This was the finding of a survey by ICODA European Affairs. Among the surveyed Member States, close to 40 per cent admitted that their national supervisory authorities lack the competences to implement guidelines for Forward Looking Assessment on the undertaking's Own Risk and nearly 50 per cent do so for Pre-application for Internal Model guidelines.

Of the 13 Member States that replied, the responses indicated the following conclusions: 100 per cent of the responding Member States prefer a second quick fix Directive delaying full Solvency II implementation to 2015-2017; most respondents indicated to rather wait until there is clarity on the timeline of Solvency II i.e. until the Omnibus II proposal is finalised, before implementing full Solvency II;

Almost 80 per cent of the responding Member States indicated that they would have no difficulties in applying the interim measures concerning the Guidelines on System of Governance; the percentage dropped to 75 per cent regarding the Guidelines on Submission of Information; 63 per cent regarding the Guidelines on Forward-looking Assessment (based on ORSA principles); and only half regarding the Guidelines on Pre-application for Internal Models.
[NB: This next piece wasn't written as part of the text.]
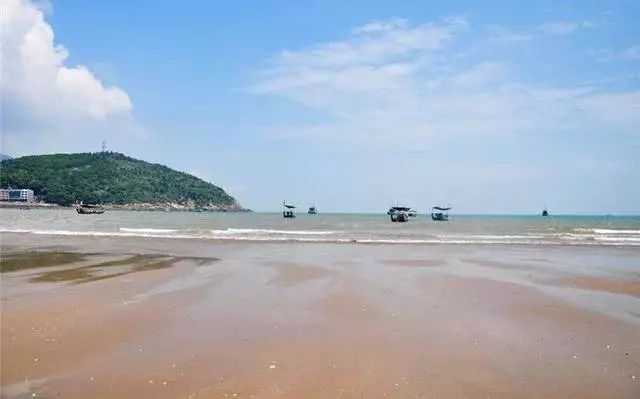 闽企勇闯天涯启示录：从“制造出海”到“质造领航”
Commenting on the study, Mark Meyer who conducted the survey under the guidance of Lieve Lowet, partner of ICODA European Affairs, said: "The survey showed that the intention to comply (willingness) is larger, than the ability (operational readiness) to comply, in turn again larger than the (legal) competence to comply; 63 per cent of the responding Member States (8) indicated the intention to change legislation to provide their NSAs with competences when lacking, but as they see fit."

"This underlines that the interim measures, although intending to reduce market fragmentation, may only partially reach their goal. To safeguard the maximum harmonisation nature of Solvency II, policymakers may want to strive for the finalisation of Omnibus II."